È noto che il grande scrittore giapponese Mori Ōgai tradusse in giapponese il Manifesto del Futurismo di Marinetti, uscito sul giornale francese “Le Figaro” il 20 febbraio 1909,  poche settimane dopo la sua pubblicazione. Meno noto è invece che la sua versione adoperò caratteri d’origine cinese rari  già allora caduti in disuso. Più o meno inconsciamente, egli si attenne alla strategia di modernizzazione adottata dal Giappone nel 1868, secondo cui  questa deve avvenire attraverso una giustapposizione tra il nuovo e il vecchio, senza che i due termini opposti v11ano mai a conflitto. Paradossalmente un testo estremamente iconoclastico e sovversivo, che anticipa lo stile spettacolare e violento della pubblicità e della comunicazione massmediatica attuale, era trasformato in qualcosa la cui comprensione richiedeva la conoscenza del passato.
    Questo curioso episodio è per noi molto significativo perché ci induce a riflettere sulla china autodistruttiva e devastatrice presa dalla mentalità occidentale, quando ha cominciato a credere che il nuovo fosse per definizione migliore del vecchio.

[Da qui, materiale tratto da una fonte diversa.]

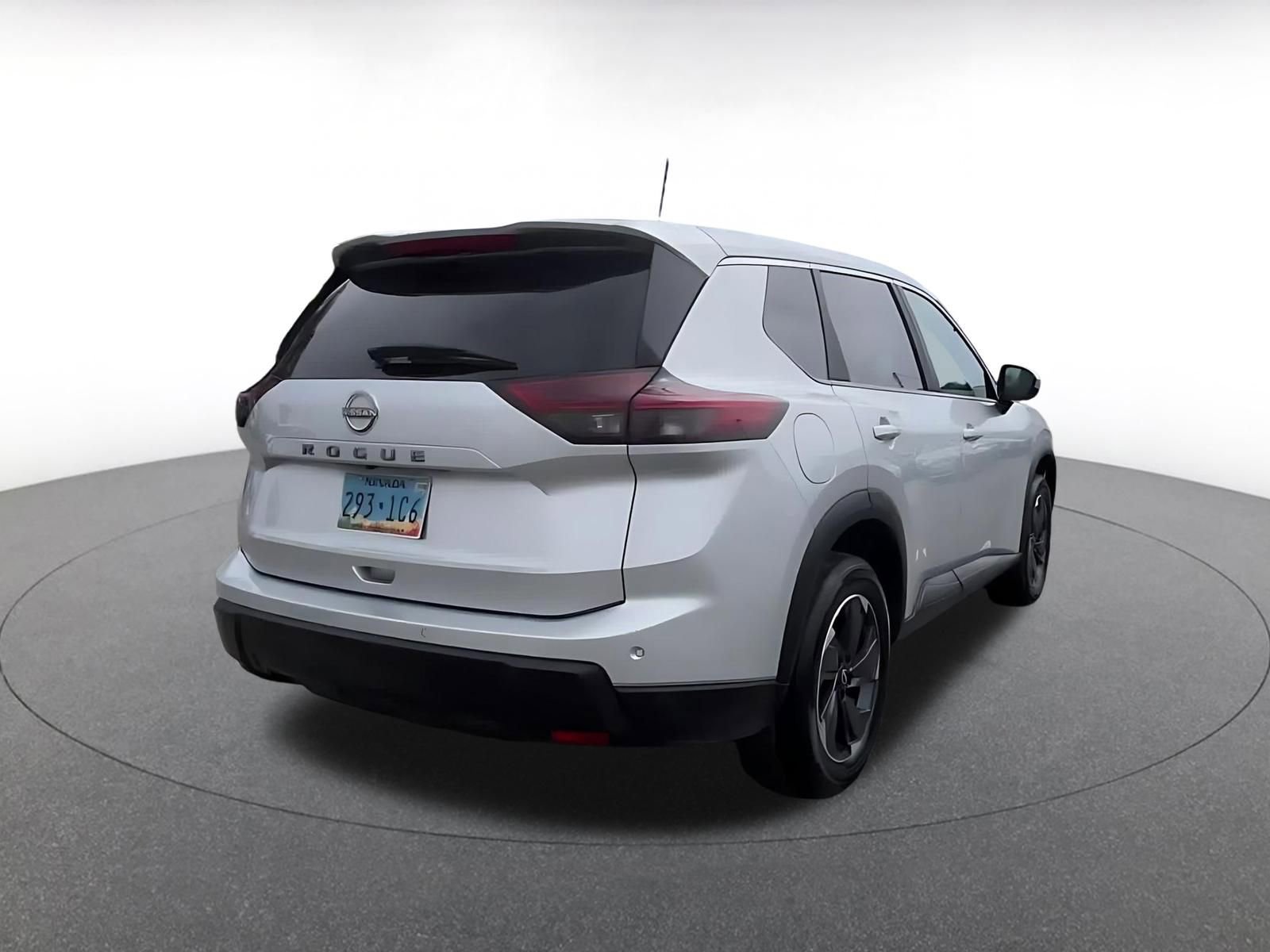 Used 2025 Nissan Rogue SV FWD image 15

Tale convinzione, le cui origini affondano nel Barocco e nella sua esaltazione della meraviglia come precetto estetico primario, ha trovato il suo culmine nel Novecento, che appunto  è stato il secolo futuristico per eccellenza. Nel momento in cui la maggior parte del mondo si trova dinanzi alla necessità di modernizzarsi per non essere ancora una volta colonizzato dall’Occidente, vale la pena di mettere in dubbio il pregiudizio futuristico, secondo il quale la novità, solo perché tale, è a priori superiore a ciò che è già conosciuto e sperimentato. Ora non si tratta in nessun modo di sposare il tradizionalismo e il passatismo, ma soltanto di chiedersi come la versione traviata della modernità e del progresso, sostenuta da Marinetti  con “violenza travolgente e incendiaria” (secondo le parole del suo Manifesto) sia potuta diventare egemonica, relegando nelle anticaglie e nei vecchiumi non solo il sapere, ma perfino la coerenza e la logica.

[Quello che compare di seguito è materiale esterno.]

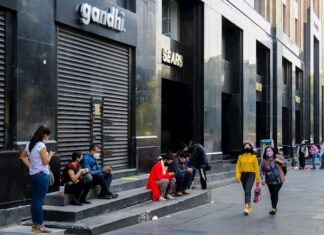 Ciudad de México vive una Navidad cerrada y rebasada de contagios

    Giova sottolineare che questo tralignamento non è affatto una conseguenza del pensiero moderno. Il Rinascimento è stato in tutte le sue manifestazioni un ritorno alla cultura antica e della sua concezione del mondo. Anche la Riforma si è configurata come un ritorno alle fonti della religiosità. Quanto alle Rivoluzioni politico-sociali per eccellenza, quella americana e quella francese, esse iniziarono come restaurazioni dell’ “antico ordine di cose” contro i soprusi del governo coloniale inglese e contro il dispotismo della monarchia francese. Marx esortava a non considerare Hegel come un “cane morto” e la psicoanalisi è basata sui miti dell’antica Grecia. Perfino Guy Debord, che passa come uno dei più radicali ispiratori della contestazione studentesca del Sessantotto, è intriso di cultura classica e non è mai venuto meno nella sua vita come nei suoi scritti al “grande stile” degli antichi e dell’animatore della Fronda, de Retz.

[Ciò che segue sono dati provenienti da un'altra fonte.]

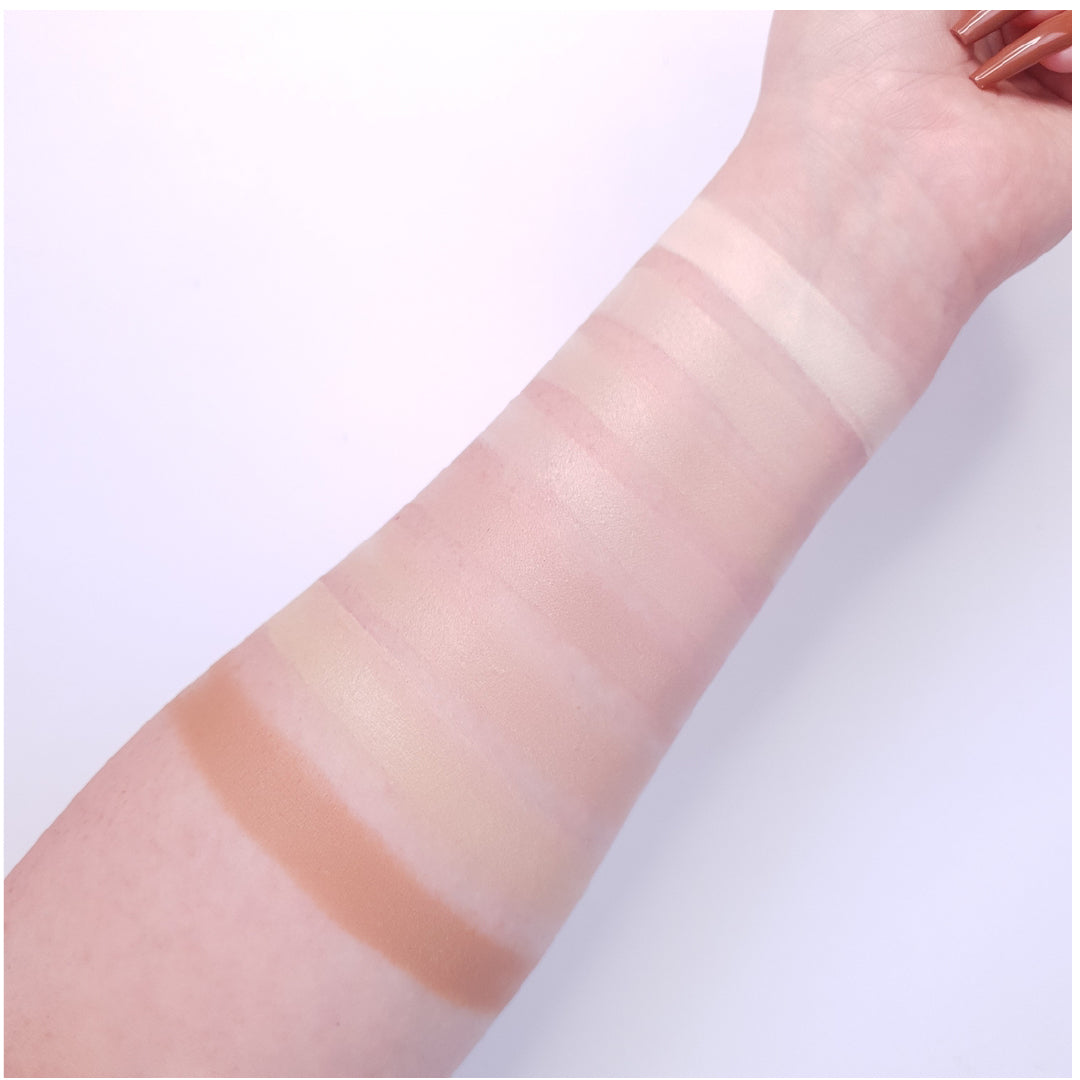 Revolution Relove Super Serum Foundation Revolution Relove Super Serum Foundation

     Il futurismo è stato una forma di oscurantismo al massimo grado aggressivo, che ha contagiato per tutto il Novecento tutti i movimenti di massa e fuorviato non pochi leader politici. Oggi, la sua eredità mi sembra che si manifesti soprattutto nell’antipolitica del “Vaffanculo!”, la quale costituisce un fenomeno molto differente dal populismo, dal qualunquismo e dal moltitudinismo: questa è connessa più con la bolla futuristica derivante dall’uso aberrante di Internet che con qualsiasi tipo di ideologia. Al neofuturismo degli “incazzati in pigiama” è ancora preferibile il “no future” del movimento Punk.